Start of Task input

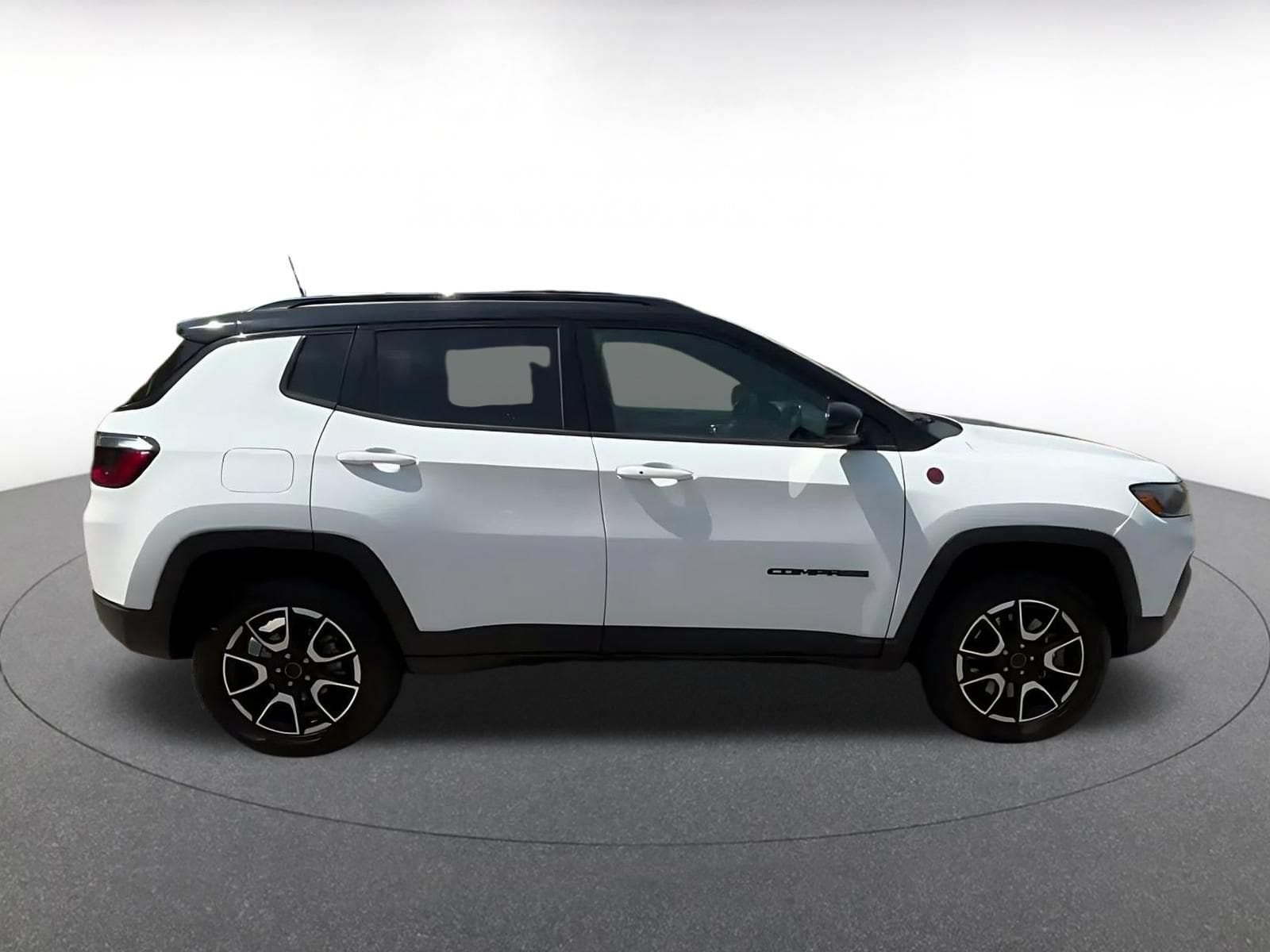 Thumbnail: 2025 Jeep Compass - 15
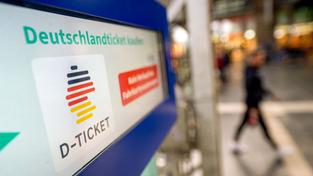 Ein Hinweis für das Deutschlandticket steht einem Fahrkartenautomat (Foto: picture alliance/dpa | Sebastian Gollnow)
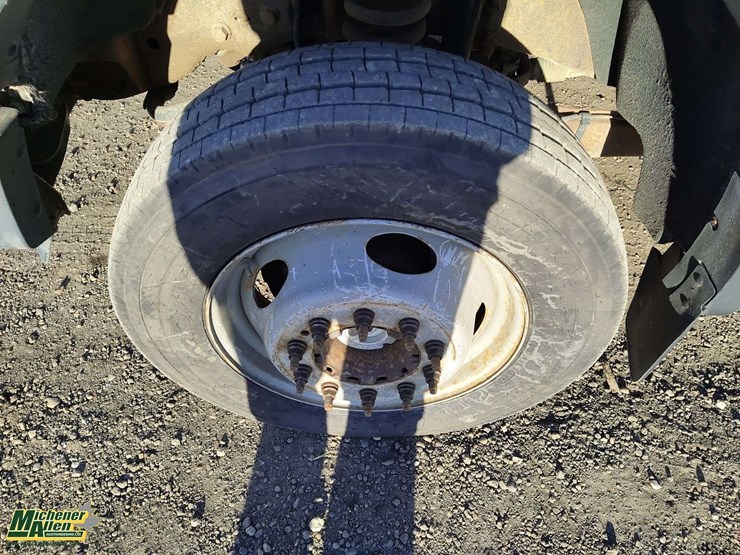 2008-ford-f550-image-11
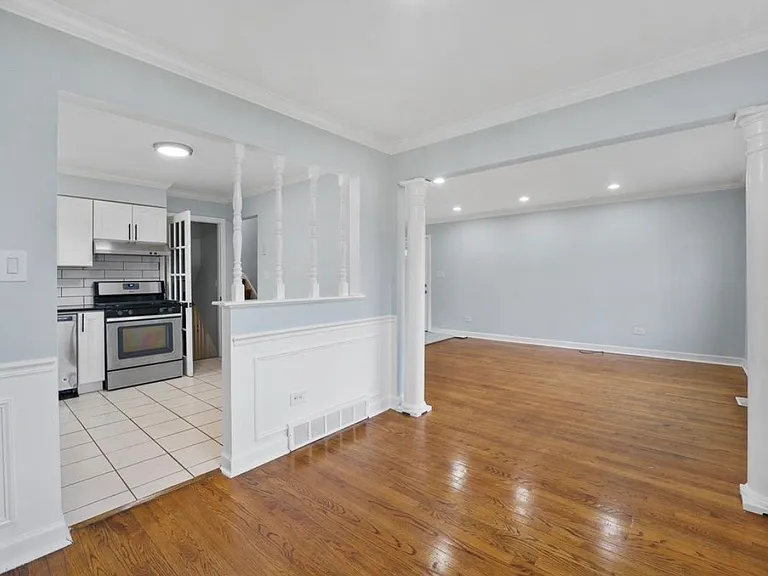 5630 Clarendon Hills Rd — Photo 5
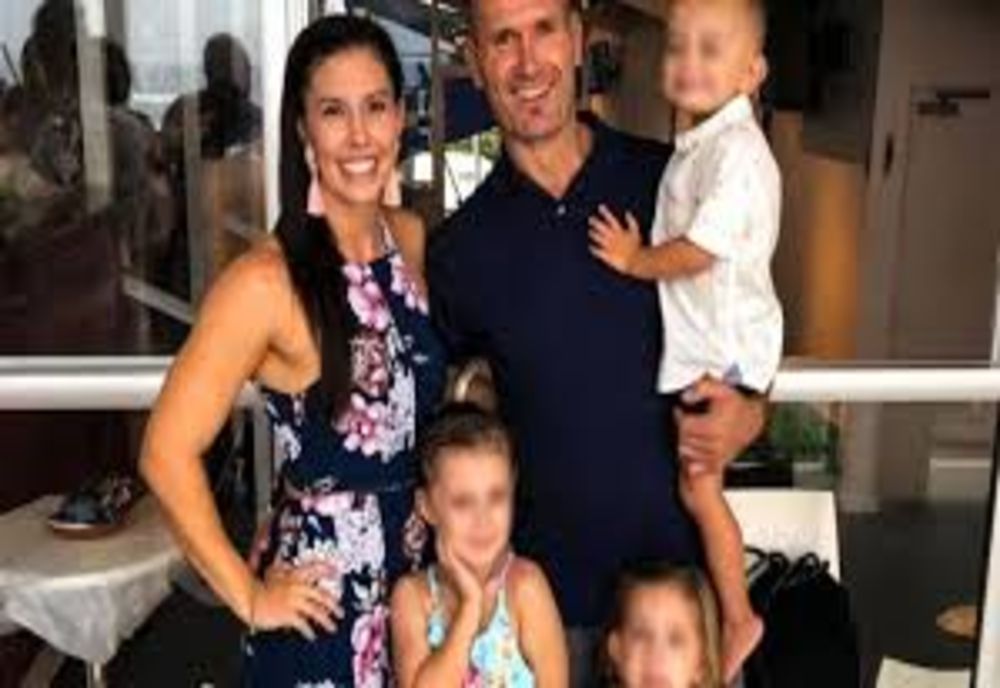 AUSTRALIA - Un fost jucător de rugby, fosta soție și cei trei copii au murit după ce au ars de vii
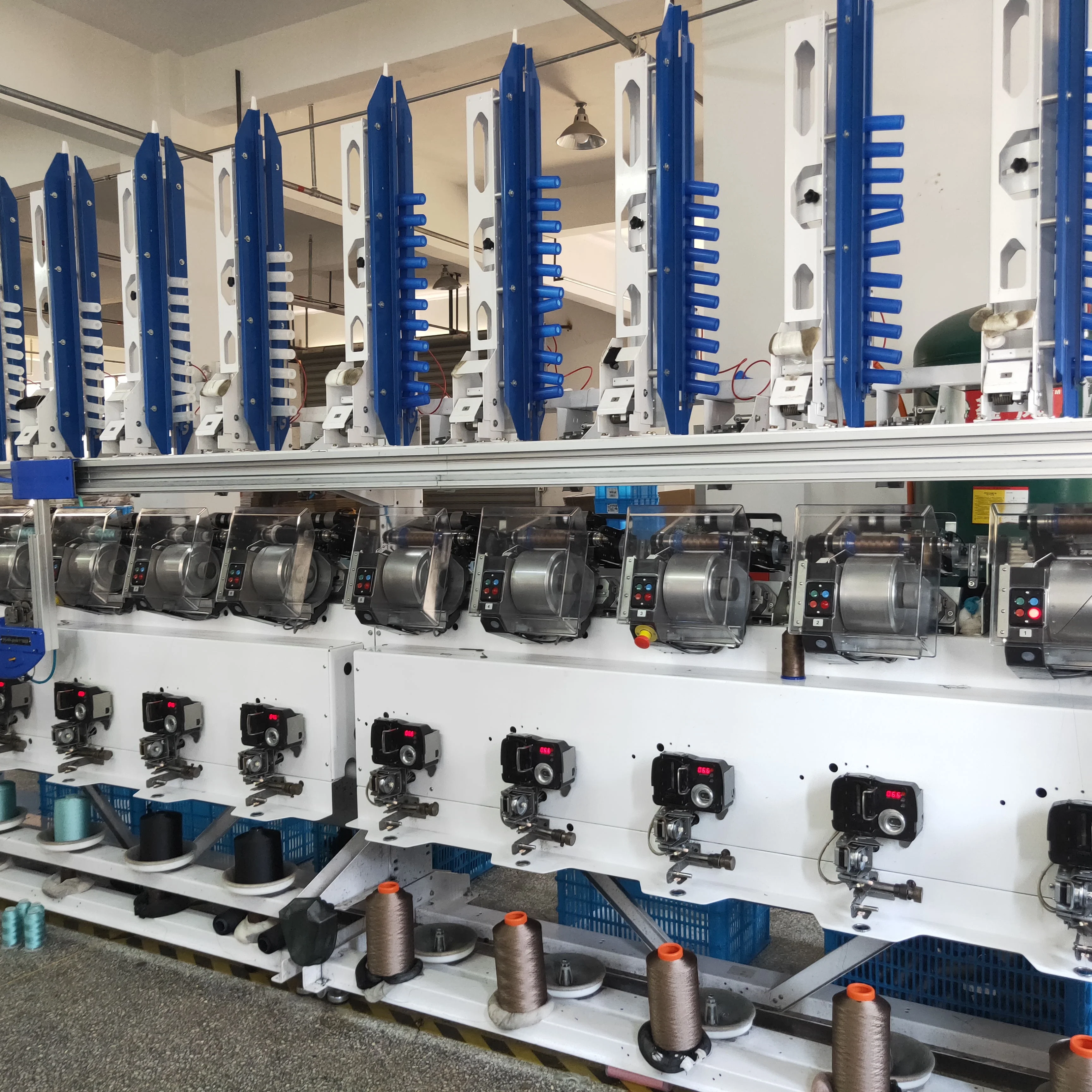 Автоматический намоточный станок конусный высокоскоростной KC522 для швейной нити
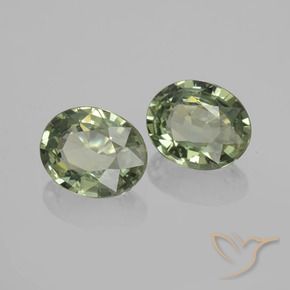 1.39 ct natürliche Erdiges Grün Saphir-Edelsteine, Oval, VVS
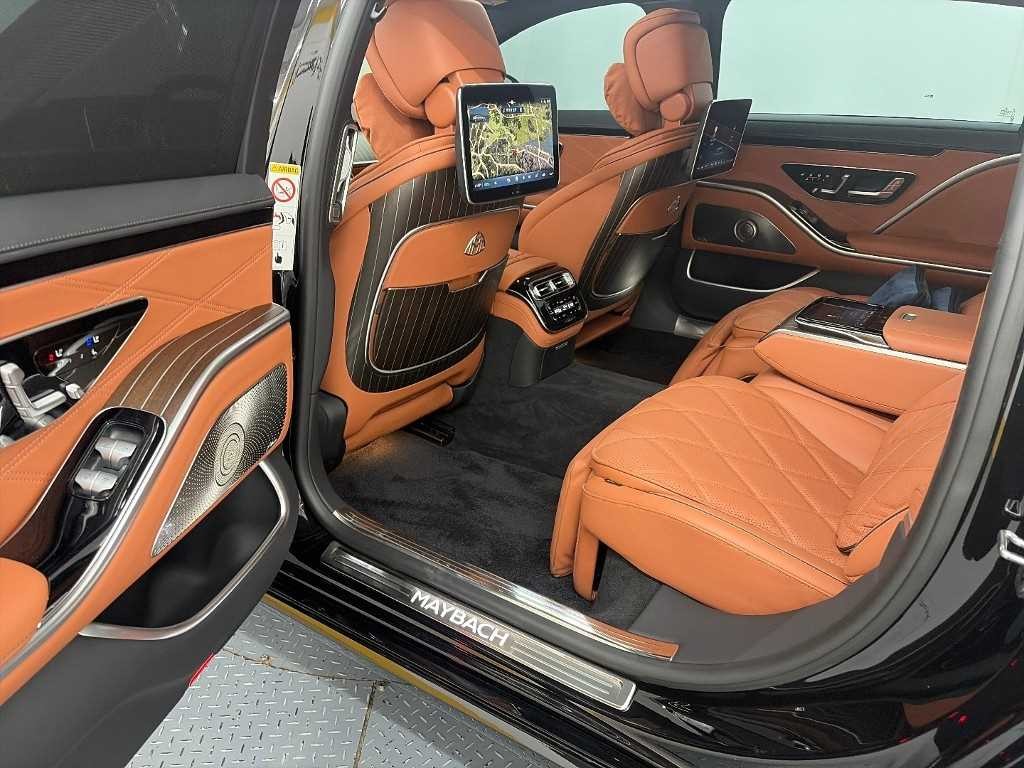 벤츠 S 클래스 S클래스-W223 마이바흐 S680 4MATIC 이미지 12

End of Task input

* What to produce
No pictures belong in the copy. Return exactly the lines from the line containing "1.39 ct natürliche" through the last line of the listing.

* Solution for this problem
 1.39 ct natürliche Erdiges Grün Saphir-Edelsteine, Oval, VVS
 벤츠 S 클래스 S클래스-W223 마이바흐 S680 4MATIC 이미지 12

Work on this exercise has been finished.